Below are records; from the line containing "Libima 4 Pcs" through the very last line, output each line exactly. No pictures.

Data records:
━━━━━━━━━━

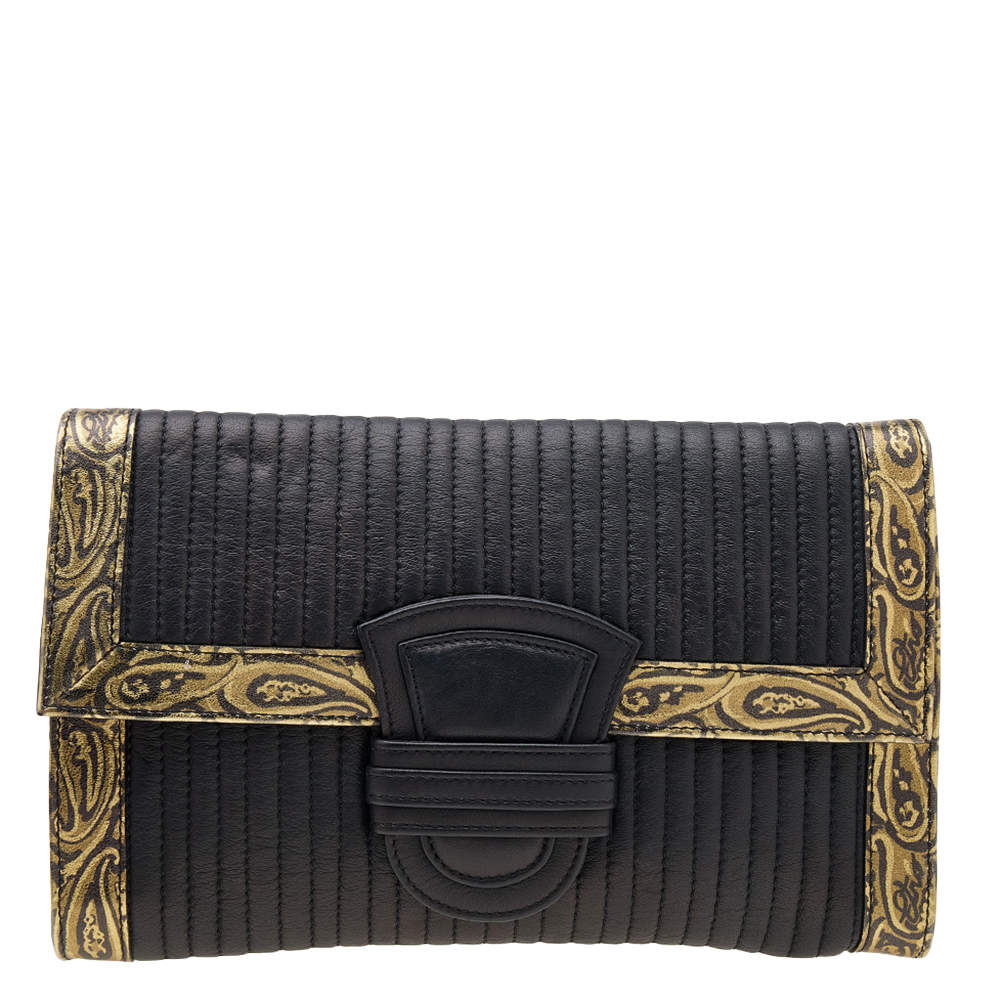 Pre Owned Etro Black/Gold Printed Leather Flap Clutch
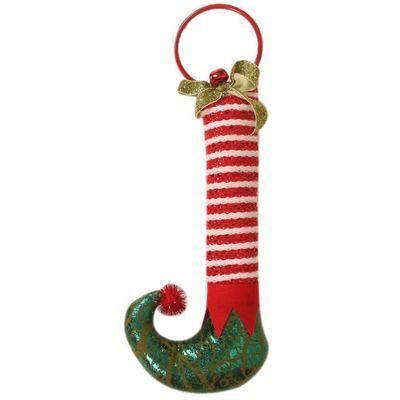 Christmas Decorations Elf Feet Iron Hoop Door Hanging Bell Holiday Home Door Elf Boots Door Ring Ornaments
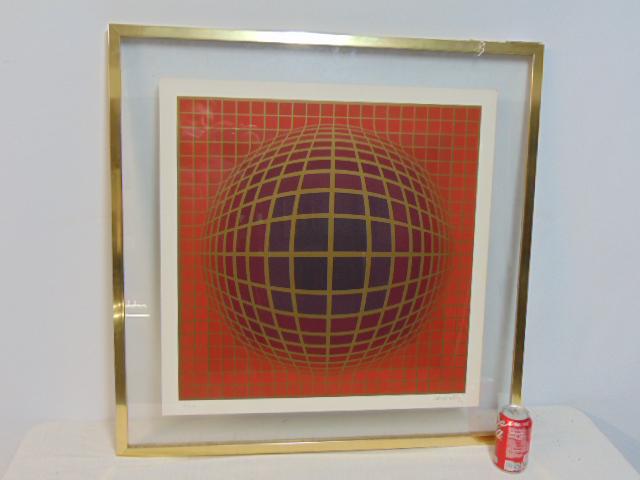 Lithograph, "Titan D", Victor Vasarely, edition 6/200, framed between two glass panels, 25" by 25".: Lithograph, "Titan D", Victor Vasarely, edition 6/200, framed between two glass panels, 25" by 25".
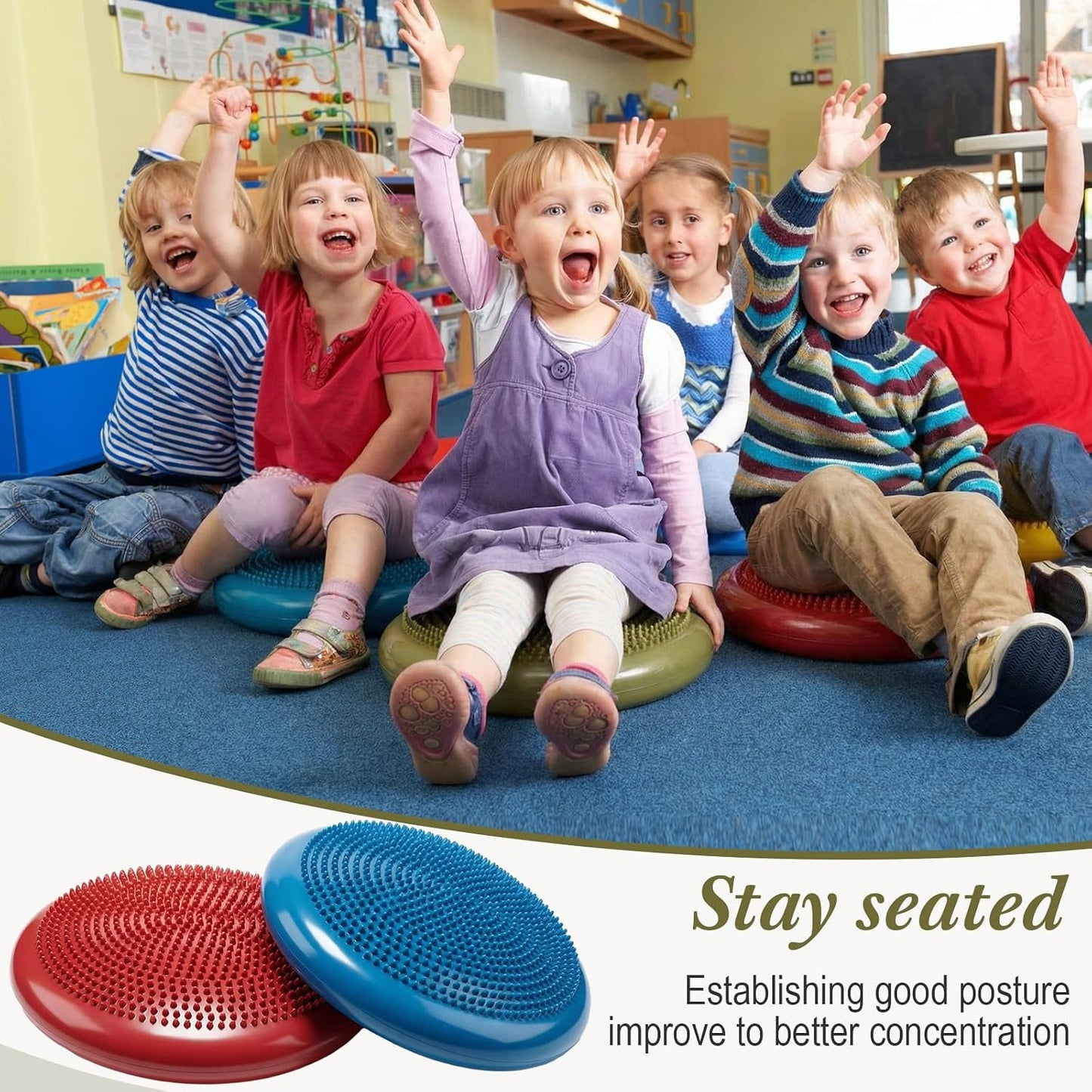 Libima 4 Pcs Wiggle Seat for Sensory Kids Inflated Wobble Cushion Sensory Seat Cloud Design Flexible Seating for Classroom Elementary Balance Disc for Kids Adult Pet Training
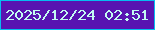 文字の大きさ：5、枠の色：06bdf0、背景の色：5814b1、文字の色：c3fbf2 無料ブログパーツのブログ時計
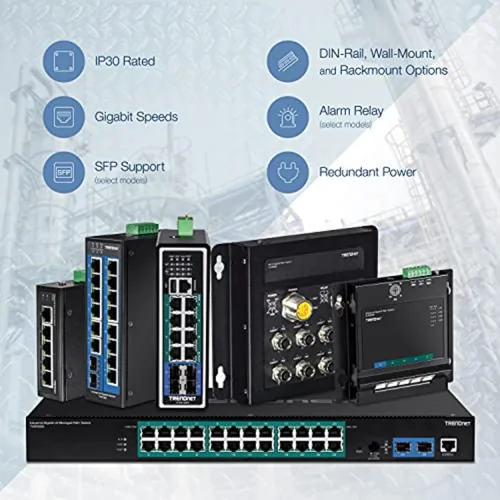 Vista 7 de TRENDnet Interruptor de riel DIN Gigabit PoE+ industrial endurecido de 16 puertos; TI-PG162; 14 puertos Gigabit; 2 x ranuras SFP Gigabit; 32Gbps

━━━━━━━━━━

# Answer area
 Libima 4 Pcs Wiggle Seat for Sensory Kids Inflated Wobble Cushion Sensory Seat Cloud Design Flexible Seating for Classroom Elementary Balance Disc for Kids Adult Pet Training
 文字の大きさ：5、枠の色：06bdf0、背景の色：5814b1、文字の色：c3fbf2 無料ブログパーツのブログ時計
 Vista 7 de TRENDnet Interruptor de riel DIN Gigabit PoE+ industrial endurecido de 16 puertos; TI-PG162; 14 puertos Gigabit; 2 x ranuras SFP Gigabit; 32Gbps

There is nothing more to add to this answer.